As you make your way over to your desk, there lies the Beast, the all-powerful terror, the Scantron sheet.
Over the past decades, schools across the United States have used standardized testing to measure the capabilities of their students. These standardized tests also play a big role in college admission and scholarship availability. However, many believe that standardized testing is outdated and should not be used so heavily in evaluating the future of America's youth.
Standardized tests are unnecessary because they rarely show what we don't already know. Ask any teacher, and she can tell you which students can read and write. That telling usually comes in the form of letter grades or evaluations that break down progress on skills. All of these are much more useful than standardized testing.
Suppose a great student has a bad day taking a big test. He gets a low score on the test, which wouldn't reflect correctly on his actual academic abilities. One simple grade sent to the student's prospective universities would potentially ruin his admission chances, a grade that wouldn't even indicate what the student could offer to the university.
Likewise, if a student scores well on a test, then it is assumed that he knows the material. However, this may not be true at all. The student may have simply memorized the fact or formula or trick necessary to do well on the test. (Some students are naturally gifted in taking standardized tests, others are not.)
Some proponents of standardized testing say that tests are inclusive and non-discriminatory because they ensure content is equivalent for all students. However, standardized tests favor those who have socio-economic advantages. Test companies (a multi-billion dollar-per-year industry) not only manufacture the tests, they also manufacture the courses and programs that can be taken to "prepare for the test."
If you have the money, you can even get special tutors that will help you do well on a test. If you don't have the money, and your school is in a low socioeconomic area that gets less funding than rich suburban schools, then you're not getting the same preparation as others do.
Other proponents of standardized testing claim that "teaching to the test" (which many people consider to be bad thing) can be a good thing because it focuses on essential content and skills, eliminates time-wasting activities that don't produce learning gains, and motivates students to excel. Because so much emphasis is placed on standardized test results these days, teachers are spending more and more time "teaching to the test."

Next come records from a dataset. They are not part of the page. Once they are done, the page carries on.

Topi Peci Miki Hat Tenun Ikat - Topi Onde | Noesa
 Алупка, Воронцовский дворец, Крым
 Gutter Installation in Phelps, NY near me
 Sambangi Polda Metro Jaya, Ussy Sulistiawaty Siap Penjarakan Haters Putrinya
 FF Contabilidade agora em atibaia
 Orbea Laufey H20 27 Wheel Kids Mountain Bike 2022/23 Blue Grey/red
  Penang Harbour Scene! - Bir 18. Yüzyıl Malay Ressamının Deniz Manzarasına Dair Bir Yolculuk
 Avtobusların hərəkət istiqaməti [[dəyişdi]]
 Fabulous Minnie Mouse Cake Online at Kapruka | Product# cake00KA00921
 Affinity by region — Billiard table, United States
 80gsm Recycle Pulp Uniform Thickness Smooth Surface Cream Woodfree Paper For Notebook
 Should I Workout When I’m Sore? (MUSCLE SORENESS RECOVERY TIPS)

If there is something that is interesting, compelling, useful, or otherwise favorable to the development of a student's understanding of the world, but it is not going to be on the standardized test, then there really isn't any incentive to cover this material. Instead, most of classroom time consists of either taking the tests or preparing for the tests, and this shuts out the possibility of learning anything new or important.
Finally, education is supposed to help you in the real world. Standardized testing occurs in an artificial learning environment. They're timed, you can't talk to a fellow student, you can't ask questions, you can't use references or learning devices, you can't get up and move around. How often does the real world look like this? Prisons come to mind. And yet, even the most hard-headed conservative will say that education must prepare students for "the real world." Clearly standardized testing doesn't do this.
All of these reasons show why standardized testing does not prepare students for the real world. Education is supposed to be preparing us for the challenges and the problems that we will face when we enter the workforce, but how is standardized testing doing that? To be productive members of society is to thrive in our current world. And we cannot do that if we are not equipped with the skills and the tools to do so.